Perhaps you, the reader, will have attended the same show, or are looking forward to seeing it during its run. Maybe reading the review will inspire you to get booking tickets as soon as possible – or put you off completely! Whether you are intending to see the reviewed show or not, I always endeavour to write a piece that is compelling copy in itself.
Describing some of the history and the narrative is useful – and often essential with the ballets – and passing on “insider info” regarding technique or movement vocabulary hopefully means some of my zeal and knowledge is conveyed.
The hardest part of writing a review is that there just is no “right” way to do it. Workshop leader Eleanor Turney, managing editor of reviews website A Younger Theatre (a platform for writers aged 26 and under), emphasised this throughout our discussions concerning how to craft a response to a production.
Subjectivity is a key issue. We all bring our own knowledge, preconceived ideas and expectations to a production – these can affect our experience of a show. This subjectivity, combined with the rise of the internet and a ‘democratisation’ of the discipline of reviewing, means that anyone can be a critic.
However, the best reviewers will aim to use their self-appointed authority in a constructive, informative way, remaining aware of their own limitations and subjectivity. Ensure an appropriate tone and a winning way with words and the end result should be a piece of writing that both describes and analyses a production, while engaging a reader.
After the workshop, it was time to put pen to paper when the curtain lifted for the first evening of Showtime, a mixed-bill of rising choreographers’ offerings.
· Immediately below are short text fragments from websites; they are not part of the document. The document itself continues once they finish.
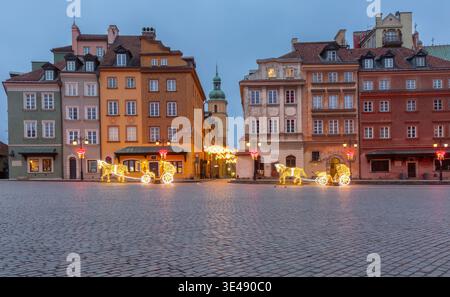 Case colorate della città vecchia e decorazioni natalizie illuminate a Varsavia, Polonia, all'alba con un'atmosfera invernale festosa. Foto Stock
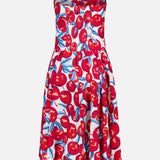 The Cherry Blossom Sleeveless Midi Dress by FARM RIO features thin straps, a fitted bodice, flared skirt, sweetheart neckline, and bold red cherry with green leaf print on white.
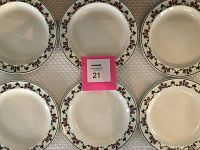 Top-down view of six round white plates with floral and vine border pattern around edge.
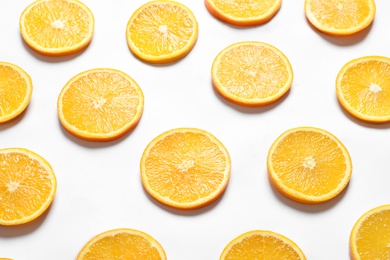 Composition with orange slices on white background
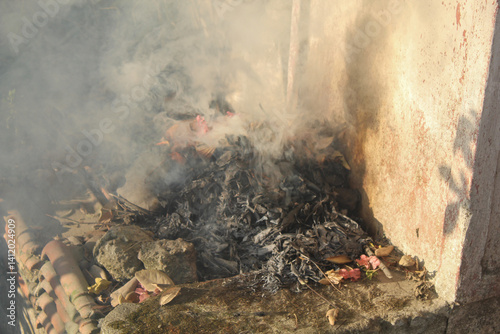 Burning dry leaf waste in a kiln results in quite a lot of smoke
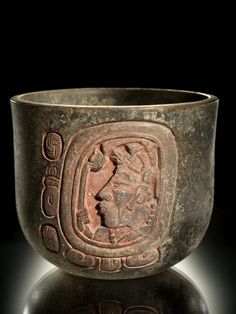 an old metal bowl with writing on the side and a face carved into it's sides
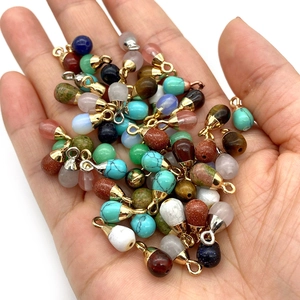 Hand holding assorted water drop gemstone pendants with gold loops for DIY jewelry making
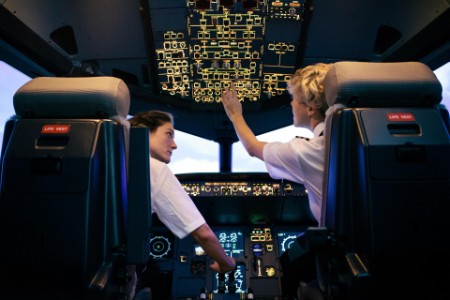 Trainee Pilot Adjusting Switches While Instructor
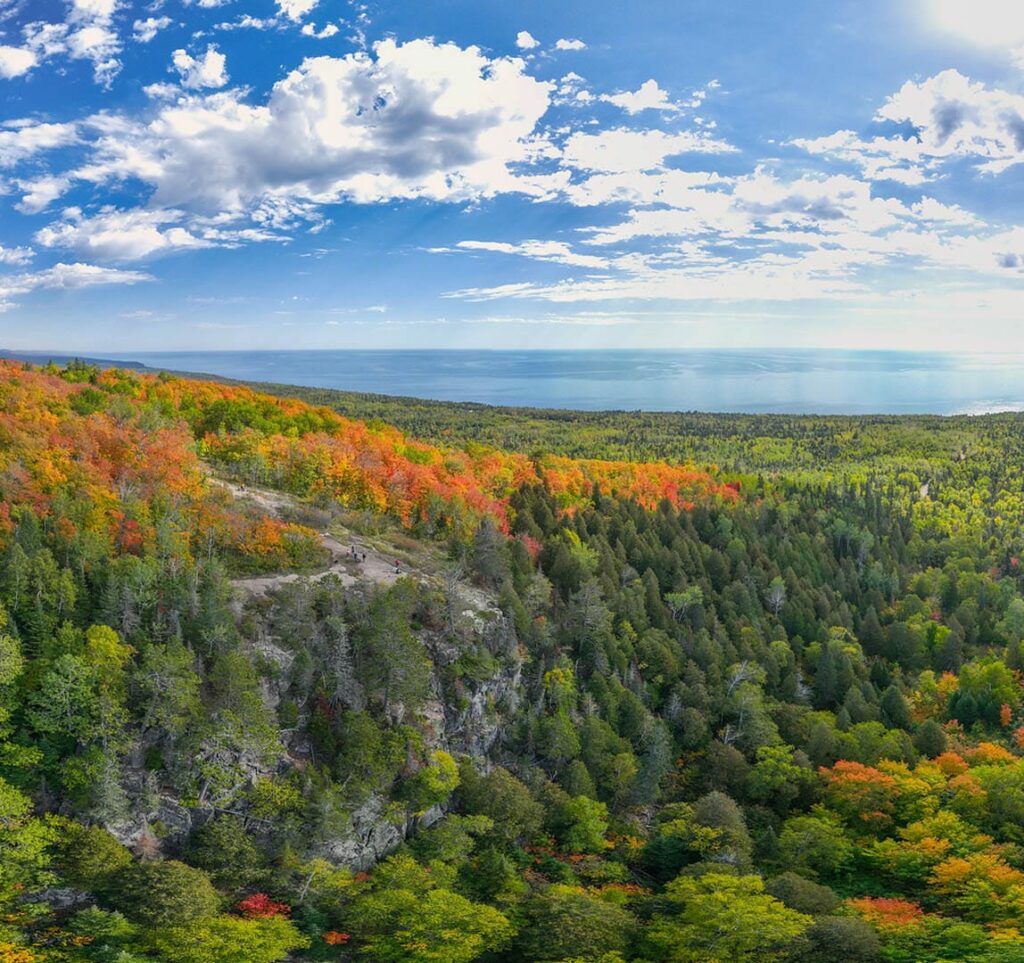 A hillside view of Lake Superior with bold autumn colored trees from dark green to blaze orange. Lake Superior is very blue and way off in the distance.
There was more than enough talent to choose from when it came to scribbling notes of review-worthy pieces – including some home-grown here in Milton Keynes.
Choreographer Jo Meredith premiered Chimera, an absorbing theatrical piece for four dancers, incorporating live spoken word. Jo trained locally with Kathleen Woollard in Stony Stratford from the age of 6 to 18 and then at London Contemporary Dance School.
Chimera explores the themes of illusion and delusion, questioning what is real for us and what is simply our imagination. A magician sets up his table of tricks while his female companion directly addresses the audience. As she ponders the nature of reality, a second woman dances with a male partner. Soon, both couples are immersed in dancing, accompanied by a beautiful cello and piano classical composition.
The movement is clean and fluid and – while the script describes uncertainty and implausibility – the partnering and storytelling communicates conviction and intent. This whimsical piece, bathed in warm stage lighting, leaves the audience wondering which, if either, of the couples the speech referred to and whether what was just witnessed really did occur at all…
This feature is also published on the Milton Keynes Citizen website.